* To do *
In the entries below, find the line containing "2025 Volkswagen Tiguan 150TSI R-Line CT" and the line containing "Hotel Isla Magica Covenas Exterior photo". Copy those two lines and everything between them exactly, and only that.

* Dataset entries *

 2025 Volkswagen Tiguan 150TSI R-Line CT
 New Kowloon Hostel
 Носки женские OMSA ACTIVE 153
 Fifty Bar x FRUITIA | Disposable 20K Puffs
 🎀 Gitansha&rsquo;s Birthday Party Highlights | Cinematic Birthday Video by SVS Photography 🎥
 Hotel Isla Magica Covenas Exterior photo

...

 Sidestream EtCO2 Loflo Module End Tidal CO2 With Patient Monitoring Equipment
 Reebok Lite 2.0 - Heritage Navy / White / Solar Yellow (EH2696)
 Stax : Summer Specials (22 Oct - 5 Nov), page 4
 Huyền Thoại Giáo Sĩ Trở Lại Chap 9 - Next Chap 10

* Output for this exercise *
 2025 Volkswagen Tiguan 150TSI R-Line CT
 New Kowloon Hostel
 Носки женские OMSA ACTIVE 153
 Fifty Bar x FRUITIA | Disposable 20K Puffs
 🎀 Gitansha&rsquo;s Birthday Party Highlights | Cinematic Birthday Video by SVS Photography 🎥
 Hotel Isla Magica Covenas Exterior photo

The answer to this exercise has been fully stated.